Sunni Muslim militants, who make up the bulk of Iraq's insurgency, are increasingly honing in on Shiites in their campaign to ruin the Jan. 30 election that is widely expected to propel their religious rivals to a position of dominance.
Tuesday morning's car bombing gouged a crater in the pavement, left several vehicles in flames and spread shredded debris and flesh on the street outside the offices of the Supreme Council for the Islamic Revolution in Iraq, a main contender in the election.
The party, known here as SCIRI, has close ties to Iran, and is strongly opposed by Sunni Muslim militants.
The assailant told guards at a checkpoint leading to the party's office that he was part of SCIRI's security staff, but detonated his bomb-laden car at the guard post when he was not allowed to enter.
The U.S. military reported the bomber and three others were dead and four people were injured.
A spokesman for the Shiite party said it would not be cowed.
"SCIRI will not be frightened by such an act," Ridha Jawad said. "SCIRI will continue the march toward building Iraq, establishing justice and holding the elections."
Iraq's Independent Electoral Commission announced that the country's international borders would be closed from Jan. 29 until Jan. 31 except for Muslim pilgrims returning from the hajj in Saudi Arabia.
Iraqis will also be barred from traveling between provinces and a nighttime curfew will be imposed during the same period, according to a statement from the commission's Farid Ayar.
Such measures had been expected because of the grave security threat.

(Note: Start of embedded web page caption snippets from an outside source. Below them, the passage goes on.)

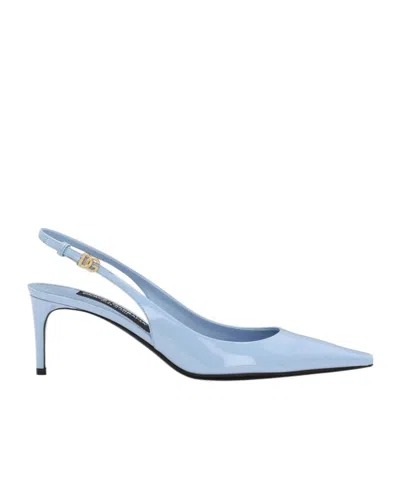 DOLCE & GABBANA DOLCE  GABBANA DG LOGO PLAQUE SLINGBACK PUMPS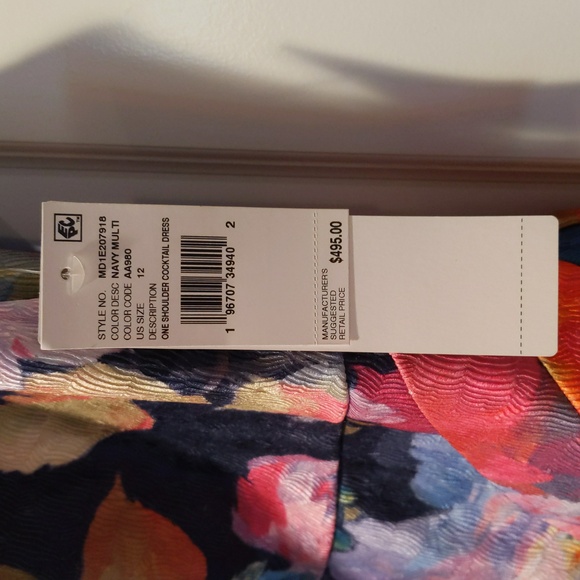 Aidan Mattox One Shoulder Draped Floral Gown With Thigh Slit In Navy Multi - Picture 8 of 14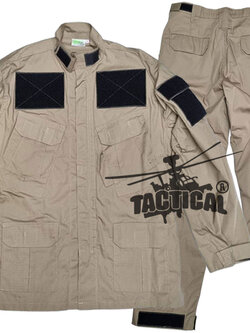 ชุดเวส ACU กระเป๋าเฉียง 4 กระเป๋า ผ้ากันลม สีกากี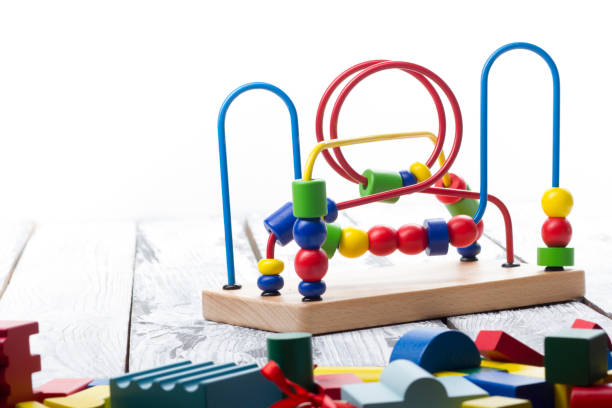 istock Kids educational developing toys frame on white background. Top view. Flat lay. Copy space for text 1177607065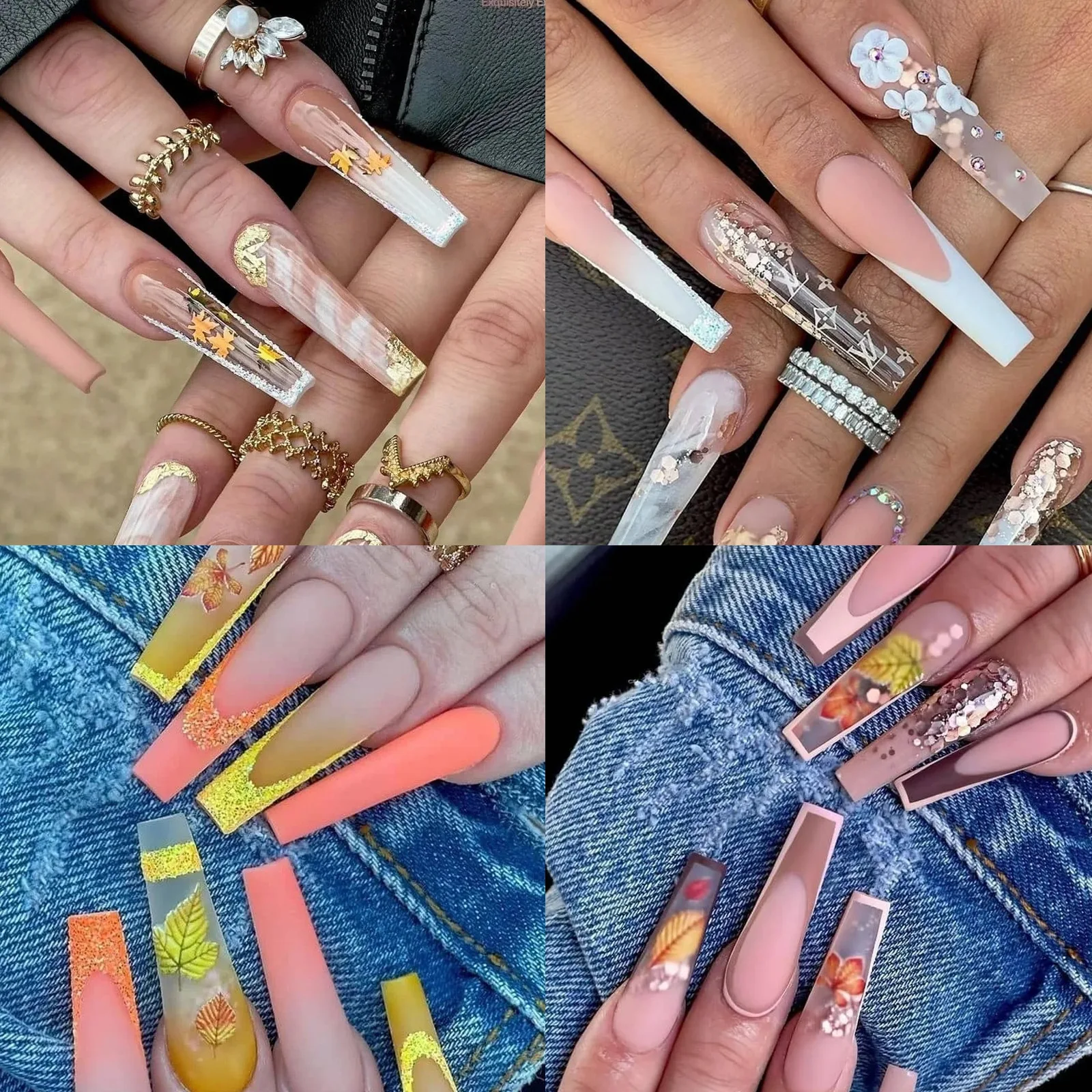 

Transparent Nail Extension Fake Tips Acrylic Ballerina Long Sharp Head Ballet Half Cover Coffin Professional False Art Nails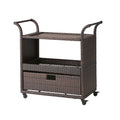 Corona Bar Cart - Brown Pe Rattan Iron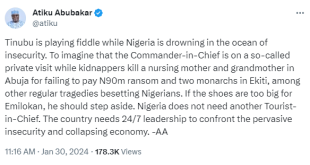Accusing President Tinubu of fiddling amidst some security and economic challenges is to say the least reckless - Presidency replies Atiku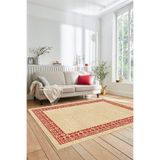 Evdeya Dijital Baskılı Kaymaz Taban Yıkanabilir Jüt Hasır Desen yolluk Mutfak Salon Halısı JÜT-09, Kırmızı, 100 x 150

U.S. and Iraqi authorities are hoping to encourage a substantial turnout but fear that if most Sunnis stay away from the polls, the legitimacy of the new government will be in doubt.
Iraq's interior minister warned Tuesday that if the country's Sunni Arab minority bows to rebel threats and stays away from the polls on Jan. 30 the nation could descend into civil war.
Falah Hassan al-Naqib, who is himself a Sunni, told reporters he expects Sunni insurgents to escalate attacks in the run-up to the election, especially in the Baghdad area. Voters are to choose a new 275-member National Assembly.
"If any group does not participate in the elections, it will constitute treason," al-Naqib said. He added that "boycotting the elections will not produce a National Assembly that represents the Iraqi people."
If that happens, he added, the Iraqi people "will enter into a civil war that will divide the country."